“New Jersey Future, an organization promoting smart growth and affordable housing, analyzed the 169 prospects. They found population was growing slightly in those zones but rent increases were not occurring as fast as elsewhere. Good thing, because they also found median family incomes were not keeping up with the community and in half the cases had actually decreased.”
“However, the success of Opportunity Zones will depend on the willingness of deep-pocket investors to commit to those areas for the long term. They’ll do that only if they see a good opportunity to make money over the long term. Economic development folks, urban planners, and Chambers of Commerce will be scrambling during the next few months to make long-neglected neighborhoods attractive to investors.”

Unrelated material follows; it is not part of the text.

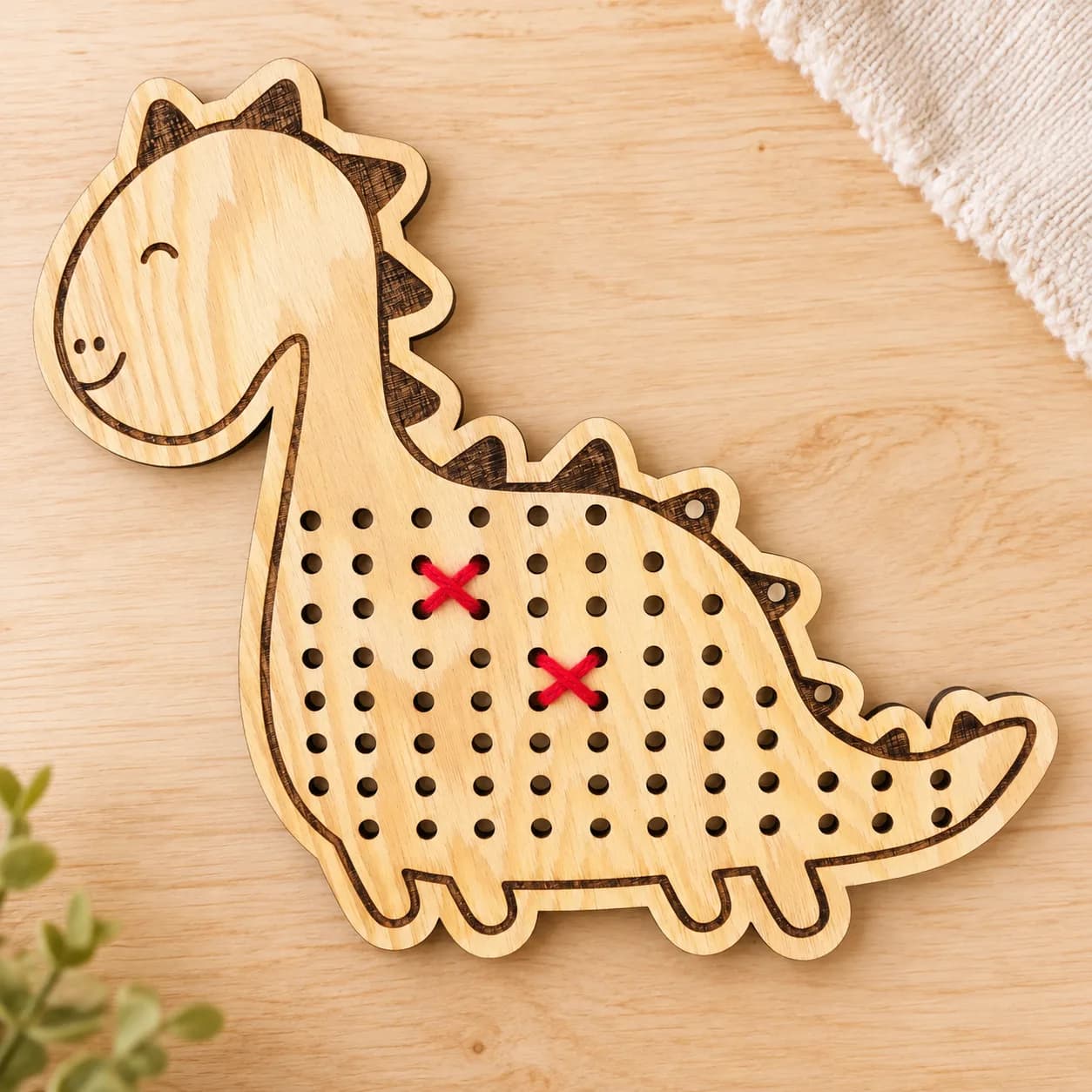 Fűzős fatábla – MiniDots – Dinoszaurusz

The Opportunity Zone Program provides an opportunity for mainstream private investors to support businesses and distressed communities.
The expectation is that Opportunity Funds, the new class of investment vehicles authorized to aggregate and deploy private investment into an Opportunity Zone, will ease the execution of “impact investments” for investors. It is expected that tax benefits derived from these investments will increase participation in the Opportunity Zones Program.
Originally introduced in the Investing in Opportunity Act (IIOA), the Opportunity Zones Program was enacted as part of the 2017 tax reform package (Tax Cuts and Jobs Act). The program is designed to drive long-term capital to rural and low-income urban communities throughout the nation and uses tax incentives to encourage private investment in impact funds.
In 2015, the Economic Innovation Group (EIG) – a bipartisan public policy firm – developed the Opportunity Zone concept, which was conceived as a systematic approach to helping address the uneven economic recovery and persistent lack of growth that have left too many American communities behind.